**Task item**:
Retype every record exactly. Skip the images.

[Records excerpted from a collection]
▼

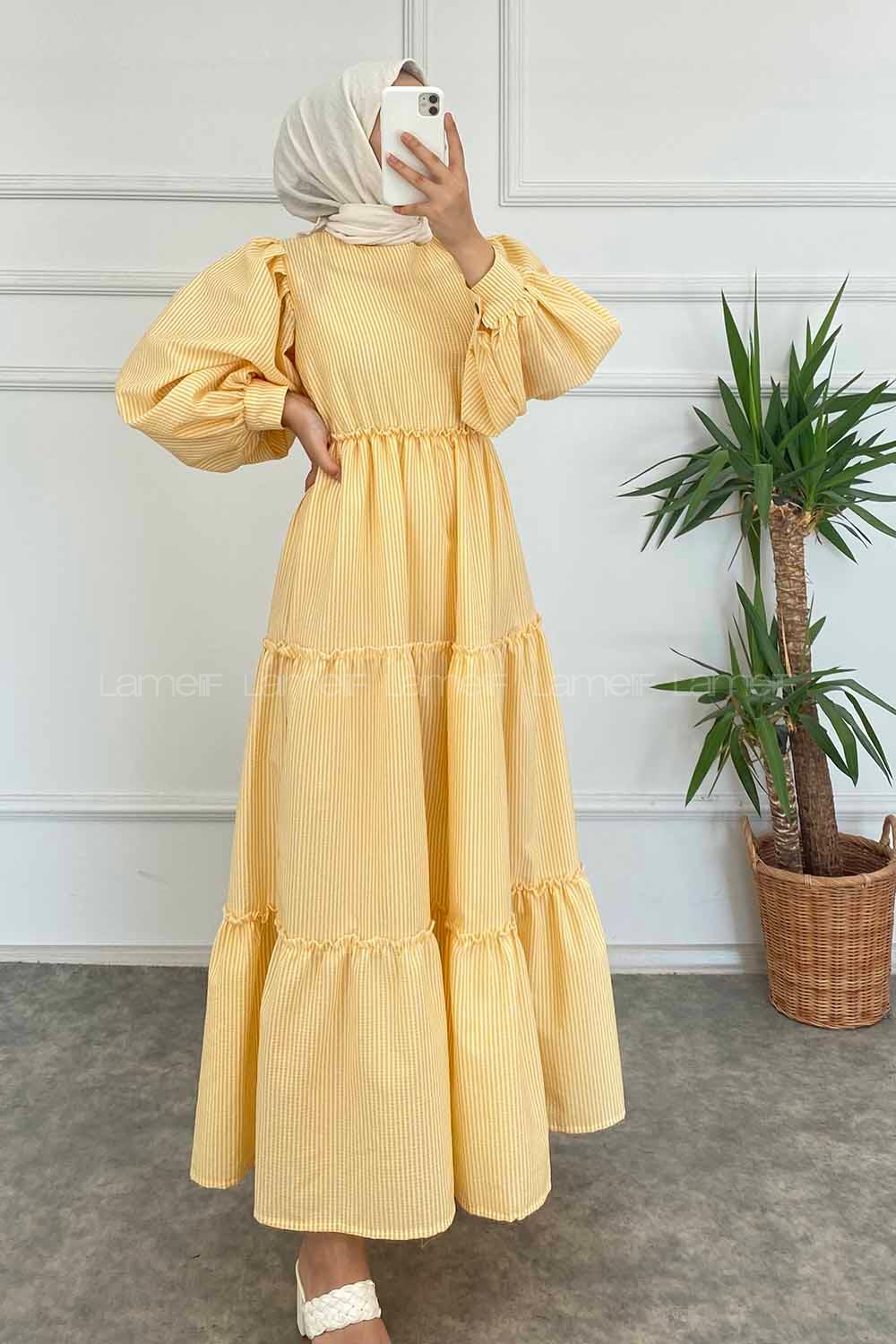 Modalamelif Balon Kol Çizgi Desenli Fırfırlı Elbise Sarı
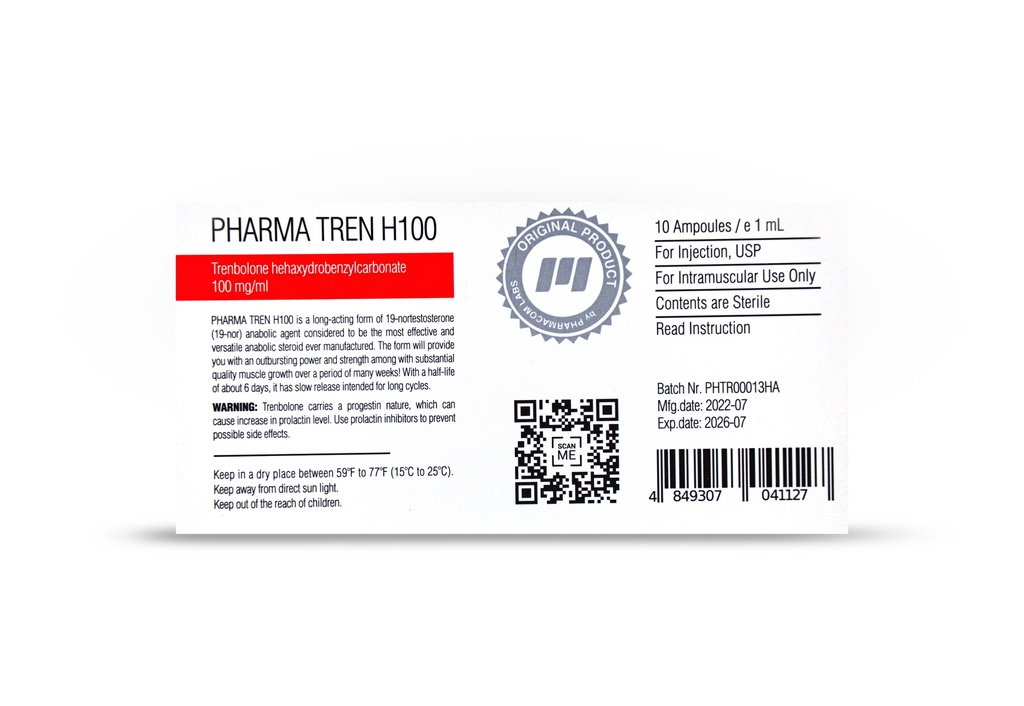PHARMA TREN H 100 [Trenbolone hexahydrobenzylcarbonate]  (PHARMACOM)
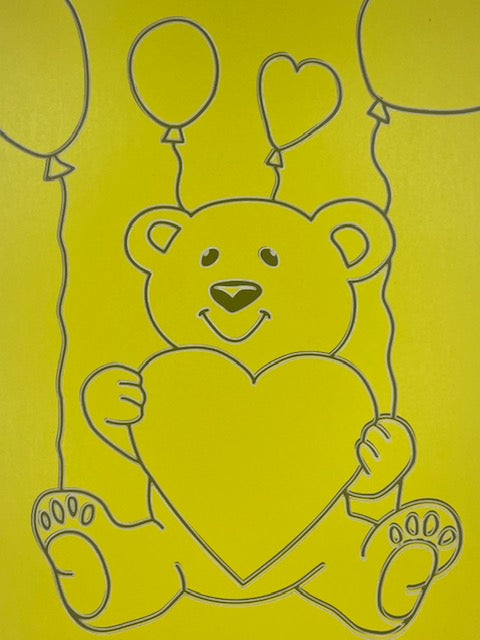 A4 Love Heart Teddy Bear Sand Art Picture (25 Pack)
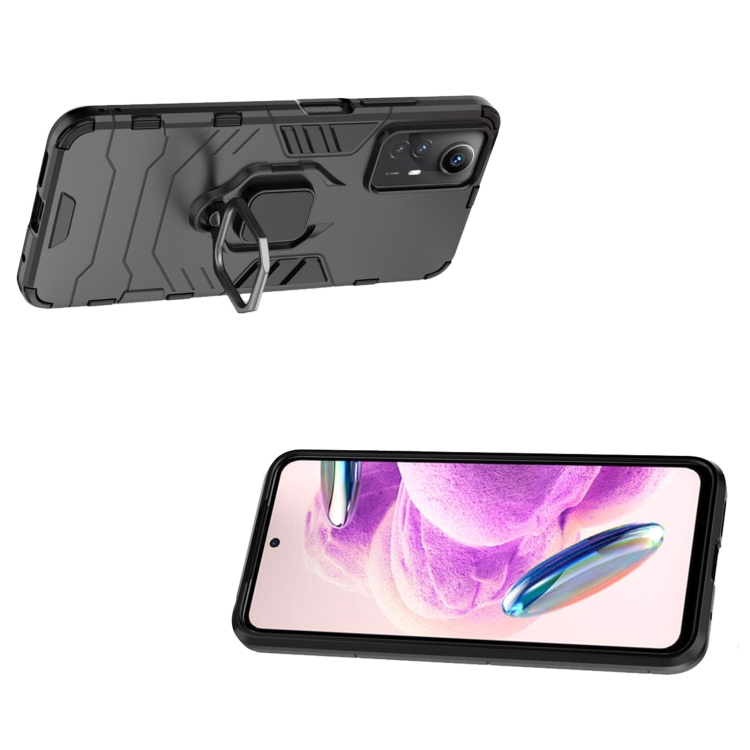 SKLO + PUZDRO 2v1 pre Xiaomi Redmi Note 12S - Tvrdené RING ARMOR čierne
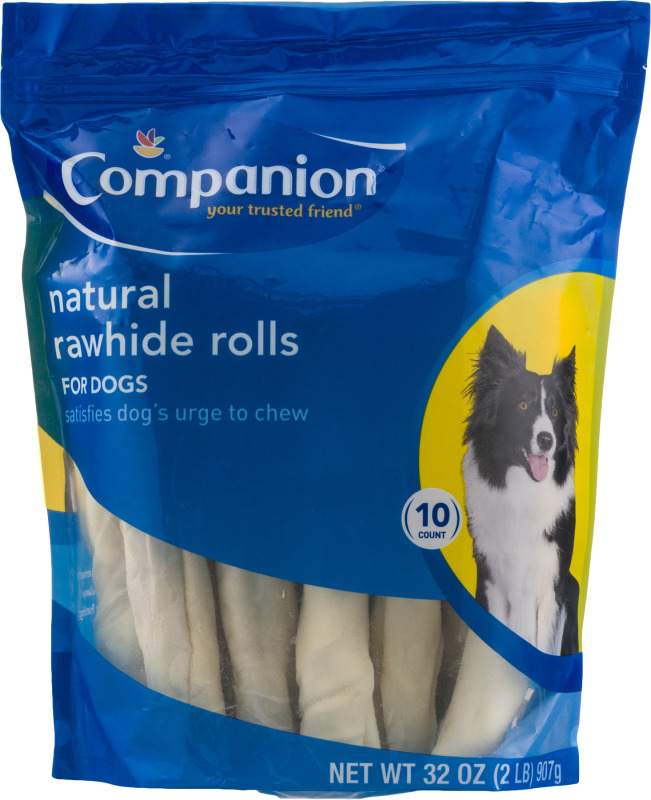 Companion Natural Rawhide Rolls for Dogs 10 CT Companion(41520022141
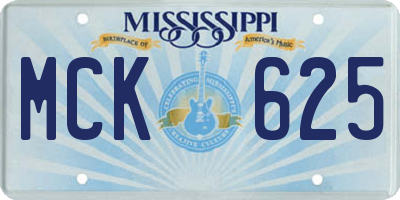 MS license plate MCK625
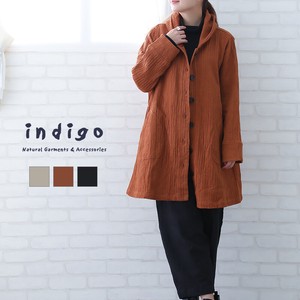 Coat Faux Hooded Half Coat Cotton Indigo Autumn/Winter 2023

▲

**Solution to this task**:
 Modalamelif Balon Kol Çizgi Desenli Fırfırlı Elbise Sarı
PHARMA TREN H 100 [Trenbolone hexahydrobenzylcarbonate]  (PHARMACOM)
 A4 Love Heart Teddy Bear Sand Art Picture (25 Pack)
 SKLO + PUZDRO 2v1 pre Xiaomi Redmi Note 12S - Tvrdené RING ARMOR čierne
 Companion Natural Rawhide Rolls for Dogs 10 CT Companion(41520022141
 MS license plate MCK625
 Coat Faux Hooded Half Coat Cotton Indigo Autumn/Winter 2023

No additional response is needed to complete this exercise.